You don't urinate from within your vagina, but rather from your urethra, a very small, barely visible opening on your vulva between your vaginal opening and your clitoris. To get a better idea of what I'm talking about, have a look at the first illustration here: Innies & Outies: The Vagina, Clitoris, Uterus and More.
During vaginal intercourse, if a partner ejaculates, that ejaculate is going into or around the vaginal opening, and then the sperm in that semen move up through the vagina into the cervix. Urine doesn't go anywhere near your cervix nor into your vagina, so it can't wash away semen. It also, for the record, can't wash away any viruses, bacteria or parasites when it comes to sexually transmitted infections. For more on lowering the risk of STI transmission, see Safe, Sound & Sexy: A Safer Sex How-To.

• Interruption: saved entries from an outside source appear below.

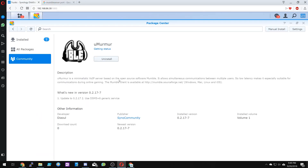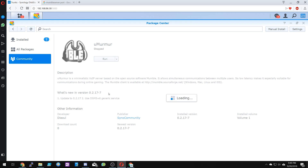This should be done in just a moment. It's going to say getting status and then it's going to ask us to run it, and we'll run. To get your Mumble client, you can go to mumble.sourceforge.net and there will be clients for Windows, Mac, Linux, and iOS.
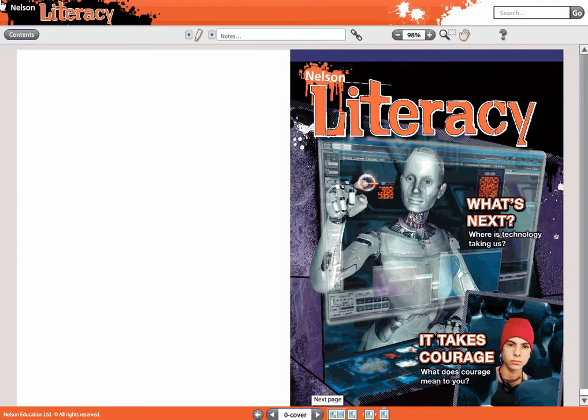MyNelsonLiteracy ebooks are housed in an easy-to-navigate platform. To navigate through the ebook, you've got a number of options.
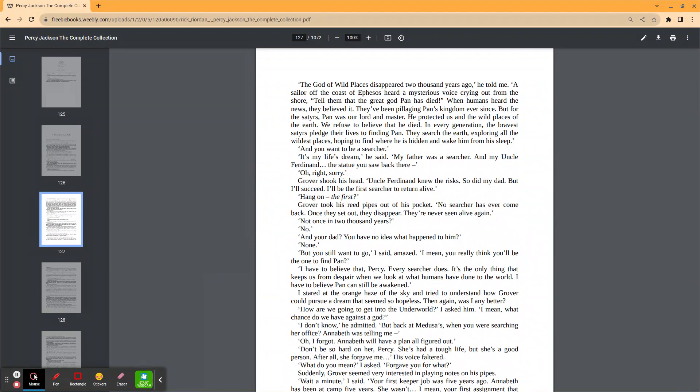I have to believe that, Percy. Every searcher does. It's the only thing that keeps us from despair when we look at what humans have done to the world. I have to believe Pan can still be awakened. I stared at the orange haze of the sky and tried to understand how Grover could pursue a dream that seemed so hopeless. Then again, was I any better?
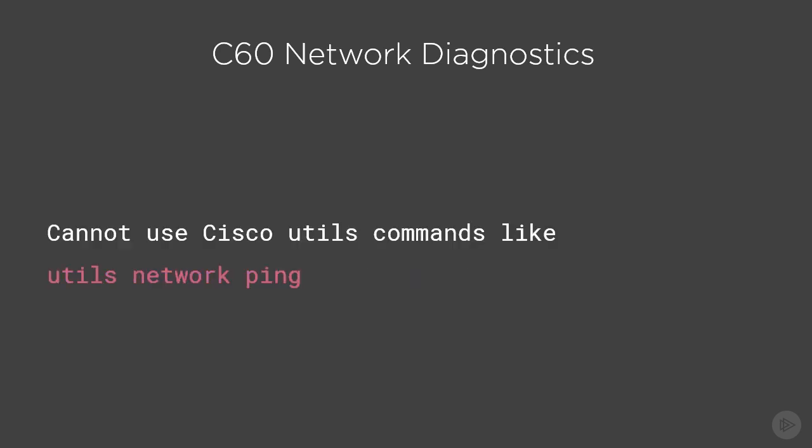What they're not able to do is use Cisco utils commands, because those are reserved for Linux. So for instance, you could not use the command utils network ping. That's not going to work. We'd have to use the systemtools network ping. So depending on the codec that you're configuring, that will determine which type of commands you're going to use when troubleshooting.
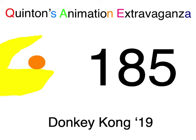What's Up Waddle Entertainment presents Quentin's Animation Extravaganza Episode 185 Donkey Kong 19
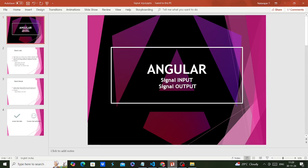Hello friends, welcome to my channel. In this video, let me explain signal input and signal output. Most of us know @Input and @Output — these are used for transferring data between components. Using @Input decorator we can transfer data from parent to child component, and using @Output with EventEmitter we can transfer data from child to parent component.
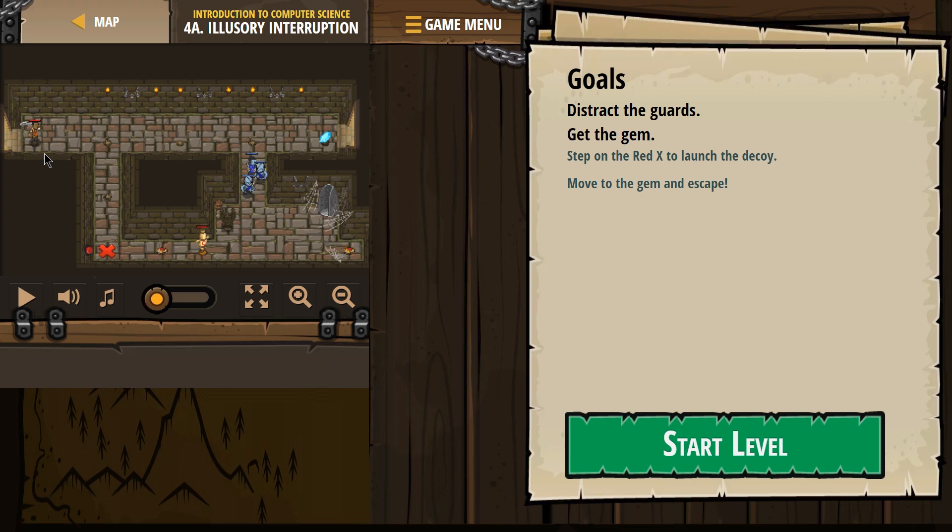Illusory Interruption. Let's see what we have going on here. Distract the guards. Get the gem. Step on the red X to launch the decoy. Move to the gem and escape.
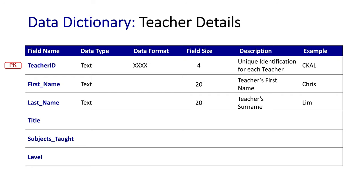For last names, pretty much the exact same thing. It's going to be text once again, 20 characters in length maximum. It's going to be the teacher's surname, and the example could be Lim.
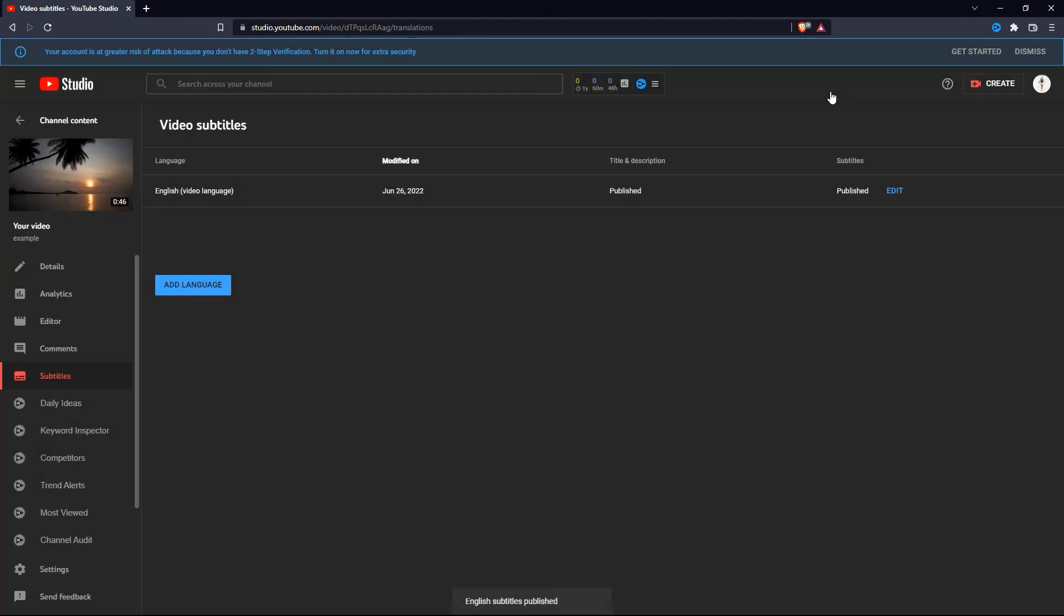And that's how you can add captions to your YouTube videos. If you have any questions about this whole process, please let me know in the comments section below.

In terms of washing, again, when we wash our genitals, we wash the outside: our mons, outer labia, inner labia, maybe right around our anuses. Even if you try and wash the inside or douche -- which is always a bad idea, and it can cause imbalances in the vagina which can lead to discomfort or infection -- water, soap or a douche solution isn't going into your cervix. Sperm swim fast. Even if you did an Olympic sprint to the bathroom after sex to try and wash out your vagina, you couldn't beat them to the punch.
The opening to the cervix (and you saw where that is if you read the whole of that article I linked you to: it's the neck of your uterus that juts into the very back of the vagina), is incredibly small. Part of why that is is to protect your reproductive organs. If that opening wasn't small, it'd be really easy for us to wind up with cervical or uterine infections that made us infertile and very ill. It's too small for water, but not too small for sperm, which are microscopically teeny-weeny. After ejaculation, they head through the vagina, through the cervix and into the uterus, not inside the vagina, seeking out or trying to fertilize an egg. Urine or water from washing can't get into your uterus.
For more information on how pregnancy happens, check this out: Where DID I Come From? A Refresher Course in Human Reproduction.
If you want to prevent pregnancy and have vaginal intercourse, then you need to use a reliable method of birth control that is highly effective. Condoms are a very easy method for anyone to find, afford and use and when used properly, are very effective. They also protect you from sexually transmitted infections. Other options are female barrier methods -- like a diaphragm, which blocks the entrance to the cervix -- or hormonal methods -- like the birth control pill, which changes your fertility cycle continuously so you don't release eggs to be fertilized, and so it's tougher for sperm to get to the cervix in the first place. You can talk to your doctor or healthcare provider about any of these methods, and figure out which is best for you.
For a basic rundown of various -- real - methods of birth control, have a look right here: Birth Control Bingo!.
And if you or your partner aren't ready to deal with any method of birth control? Then if you don't want to become pregnant, the best choice is to not have the kinds of sex that can result in pregnancy until you both ARE ready. For other ways of being sexual with a partner, check out NO Pregnancy Risks.